この本の内容は 真実かフィクションか??
2019年2月16日 朝日新聞読書欄 「売れてる本」のコーナーで紹介されていた本です。
真実かフィクションか、と読者に思わせる「出版禁止」、ぞわっと怖さが忍び寄って来る感じでした。最近読んだ、本屋大賞ノミネート作品の「火のないところに煙は」もどこからが現実でどこからが創作なのか ひょっとしてすべて現実に起きたことなのか?と気持ちが悪い小説でした。
この「府中三億円事件…」も三億円事件の真犯人の真実の告白を綴っています。半信半疑で読み始めました。
なぜなら 小説投稿サイト「小説家になろう」で800万ページビューになって出版することになったらしいのです。ネット小説という手法と 大切な真実の告白、というのが結びつかない感じがしました。
コレは真実かもしれない、と思う根拠
根拠の第一は、犯人しか知り得ない事実を知っている、という点。
ジュラルミンケースには現金・ボーナス袋のほかにある特殊な「モノ」が入っていたという。
発炎筒の特殊な点火手法やジュラルミンケースに留置された「モノ」は一般発表されておらず、捜査関係者と真犯人しか知らないはずである。
ウィキペディアより 引用
本書では、発煙筒の点火方法や ジュラルミンケースにわざと入れておいた「モノ」について告白しています。
その方法が 警察が知っている事実と一致するのかどうか 読者には確かめようがありませんが ずーっと読み進めて来て 最後にこの重大発表があるので信じてしまいます。
そして 何より 犯人の心情として 今は70歳になろうとしている彼が どこかで真実を打ち明けたい、とおもっているのではないか、と感じました。
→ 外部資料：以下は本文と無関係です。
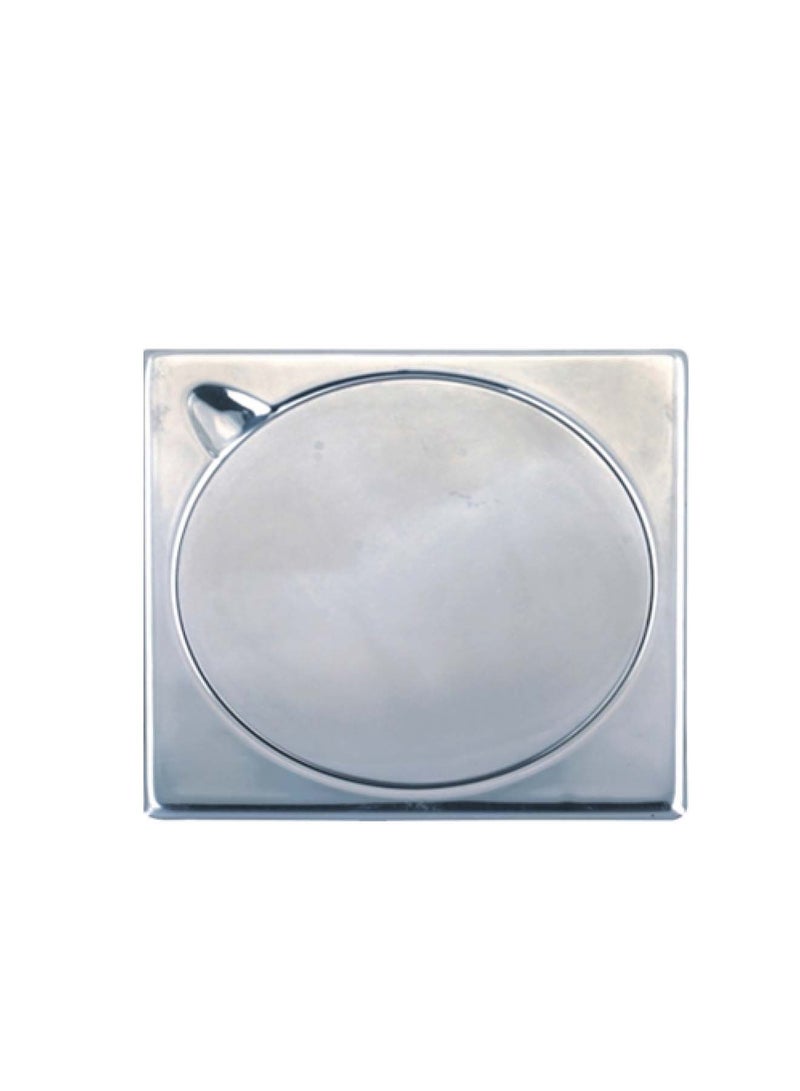 Bold Floor Drainer 100x100x1.80mm – Stainless Steel Floor Drain with Chrome Finish – Anti-Clog and Easy to Clean – Durable and Reliable Bathroom Accessory – Silver - Image 1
このまま、真実が葬り去られることをよしとしなかったのでは、と。
更に この事実を白日の下に晒す事で贖罪の意味もあったのでは? 犯人・白田が当初一緒に計画していた省吾を裏切って単独犯行に及びました。
事件に使うつもりで借りていた省吾の父(警察官で白バイ乗り)の警察手帳を 空になったジュラルミンケースに入れ 疑いが省吾に向くように仕向けたのでした。
この警察手帳は、正式な遺留品として公開されていません。あの日から今日まで、隠蔽され続けているのです。「警察官の息子と事件をつなぐ決定的な証拠である」という理由で…。
本文より引用
本当でしょうか?
白田が裏切ったことで 省吾は事件から5日後に自殺してしまいます。(と、報道されました。父に殺された説もあり)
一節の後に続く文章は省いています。